WHAT YOU NEED TO DO: Any picture in the data below should be skipped, while every line is repeated exactly.

RAW DATA:
'''

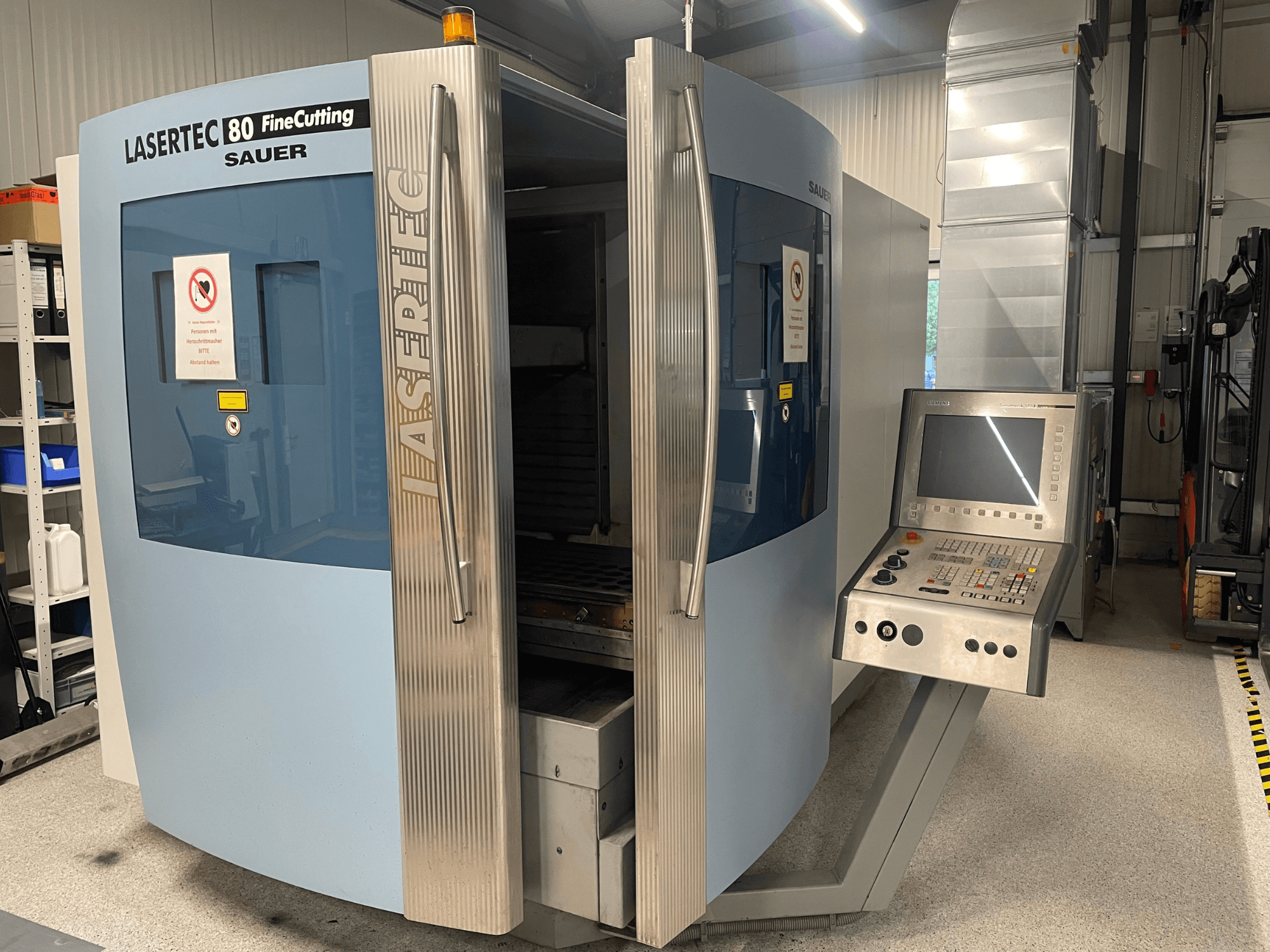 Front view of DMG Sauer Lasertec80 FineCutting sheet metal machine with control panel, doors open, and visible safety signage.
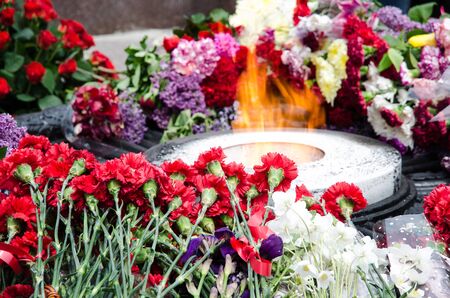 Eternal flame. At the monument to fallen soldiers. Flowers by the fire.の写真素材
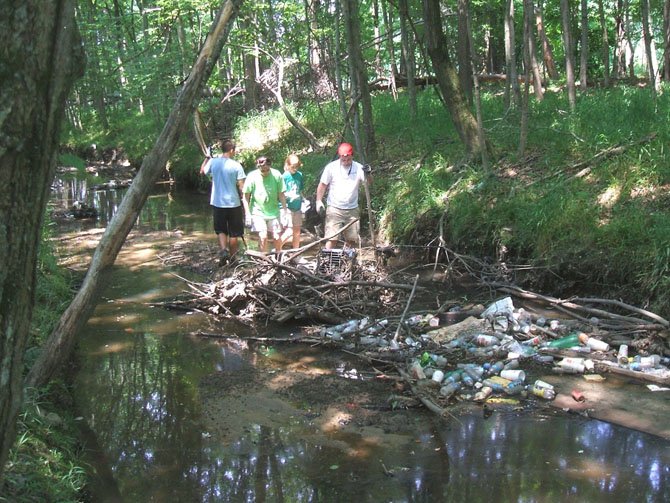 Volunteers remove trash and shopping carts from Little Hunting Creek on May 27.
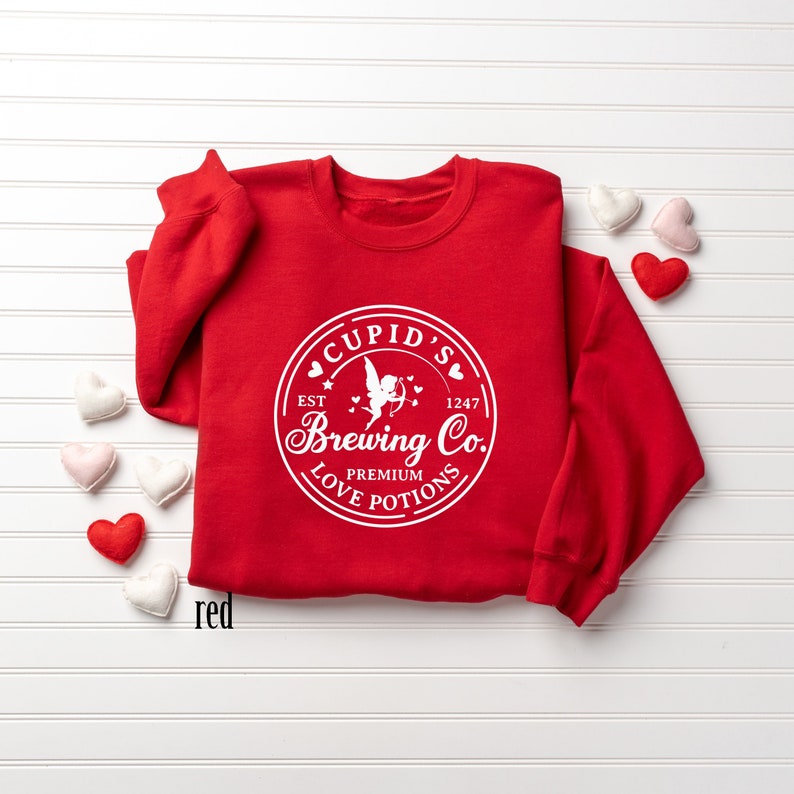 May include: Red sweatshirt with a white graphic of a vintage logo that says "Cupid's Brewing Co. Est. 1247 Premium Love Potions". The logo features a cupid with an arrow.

'''

OUTPUT OF THE EXERCISE:
 Front view of DMG Sauer Lasertec80 FineCutting sheet metal machine with control panel, doors open, and visible safety signage.
 Eternal flame. At the monument to fallen soldiers. Flowers by the fire.の写真素材
 Volunteers remove trash and shopping carts from Little Hunting Creek on May 27.
 May include: Red sweatshirt with a white graphic of a vintage logo that says "Cupid's Brewing Co. Est. 1247 Premium Love Potions". The logo features a cupid with an arrow.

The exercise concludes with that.